Use 24 Histogram Bins

Readers will notice that the histogram bins run up to 2500, not 25. This is because the original data set expressed time as an integer encoding HHMM. To consider only the hour:

hist(floor(DepTime/100),24)
title('Histogram of departure time (Hour only)')
xlabel('Hour of Day')
ylabel('Number of flights')

Re-express the Departure Time

In fact, re-express HHMM as a number between 0 and 24, with the value after the decimal point expressing each minute as 1/60th. Update the value of the distributed array and then again plot the histogram with DepTime's improved representation.

clear C;
DepTime = floor(DepTime/100)+mod(DepTime,60)/60;
hist(DepTime,24)
title('Histogram of departure time (Fractional time)')
xlabel('Hour of Day')
ylabel('Number of flights')

Note the use of clear to rid the workspace of C, a temporary created earlier in the code when the file was imported. MATLAB generally avoids keeping unnecessary copies of data around, and keeping the temporary had no material effect on the program up till now. However, since the value of DepTime will change, MATLAB will be in a position where it needs to keep similar-but-distinct copies of the arrays. This is to be avoided for obvious reasons, so clear these older "snapshots" before modifying DepTime.

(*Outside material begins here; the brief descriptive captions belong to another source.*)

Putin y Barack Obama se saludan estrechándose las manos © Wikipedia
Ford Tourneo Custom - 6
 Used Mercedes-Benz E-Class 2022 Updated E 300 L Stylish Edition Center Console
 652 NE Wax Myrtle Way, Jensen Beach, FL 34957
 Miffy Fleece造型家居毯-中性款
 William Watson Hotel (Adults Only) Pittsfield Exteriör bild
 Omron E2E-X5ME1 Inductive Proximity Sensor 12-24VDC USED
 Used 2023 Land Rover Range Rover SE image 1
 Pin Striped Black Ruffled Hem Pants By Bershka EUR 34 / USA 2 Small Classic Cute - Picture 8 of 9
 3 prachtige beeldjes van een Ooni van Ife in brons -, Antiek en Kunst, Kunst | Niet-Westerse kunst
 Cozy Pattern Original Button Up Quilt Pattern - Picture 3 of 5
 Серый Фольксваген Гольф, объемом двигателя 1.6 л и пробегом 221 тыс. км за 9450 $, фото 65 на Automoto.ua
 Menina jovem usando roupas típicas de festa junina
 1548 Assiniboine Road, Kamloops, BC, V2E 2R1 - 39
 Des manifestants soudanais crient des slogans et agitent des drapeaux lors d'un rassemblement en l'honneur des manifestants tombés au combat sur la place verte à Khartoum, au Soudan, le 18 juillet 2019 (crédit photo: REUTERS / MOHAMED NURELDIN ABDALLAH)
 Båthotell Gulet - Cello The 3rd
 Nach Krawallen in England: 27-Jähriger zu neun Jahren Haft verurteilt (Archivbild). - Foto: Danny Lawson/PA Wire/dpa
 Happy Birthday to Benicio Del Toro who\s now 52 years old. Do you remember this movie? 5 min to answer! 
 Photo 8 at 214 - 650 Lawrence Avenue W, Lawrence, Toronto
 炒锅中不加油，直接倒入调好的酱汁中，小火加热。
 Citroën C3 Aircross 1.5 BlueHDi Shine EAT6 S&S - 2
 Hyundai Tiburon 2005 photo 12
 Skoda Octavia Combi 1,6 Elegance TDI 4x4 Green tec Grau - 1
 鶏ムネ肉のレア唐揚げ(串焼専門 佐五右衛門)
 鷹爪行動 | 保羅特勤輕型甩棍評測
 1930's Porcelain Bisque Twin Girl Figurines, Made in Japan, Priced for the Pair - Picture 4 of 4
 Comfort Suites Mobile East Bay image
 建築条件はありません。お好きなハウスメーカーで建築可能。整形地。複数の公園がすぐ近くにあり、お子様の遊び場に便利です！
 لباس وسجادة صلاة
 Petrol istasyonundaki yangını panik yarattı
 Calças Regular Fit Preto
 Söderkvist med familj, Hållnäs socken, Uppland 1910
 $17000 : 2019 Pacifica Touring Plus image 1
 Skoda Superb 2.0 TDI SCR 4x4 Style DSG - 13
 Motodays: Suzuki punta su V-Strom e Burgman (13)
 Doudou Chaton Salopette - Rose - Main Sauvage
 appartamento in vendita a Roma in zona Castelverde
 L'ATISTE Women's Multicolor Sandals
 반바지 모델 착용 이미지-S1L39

Removing Missing Data Points

Up to this point, the data has not been checked for the presence of missing data, represented by not-a-number (NaN) in the departure time. Look for NaNs, and then remove those bad rows from all of the distributed arrays.

tic
goodRows = ~isnan(DepTime);
fprintf('There are %d rows to remove from the data.\n', ...
    totalLength-gather(sum(goodRows)));
Year = Year(goodRows);
Month = Month(goodRows);
DayOfWeek = DayOfWeek(goodRows);
DepTime = DepTime(goodRows);

sprintf('%g seconds to trim bad rows.\n', toc)
There are 419397 rows to remove from the data.

ans =

23.9631 seconds to trim bad rows.


Work With the Full Data Set

It is time to work with all of the files in the data set. Because the data files are text, this application will spend most of its runtime parsing text and converting to numeric. This may be acceptable for a one-time analysis, but if you anticipate the need to load the data set more than once, it is likely worth the effort to save that numeric representation for future use. This is done in a simple parfor loop, creating a MATLAB MAT-File for each file in the original data set. This loop takes a few minutes to run the first time. However, the code is also smart enough to not recreate a MAT-File when it already exists, so this loop finishes quickly when later rerun.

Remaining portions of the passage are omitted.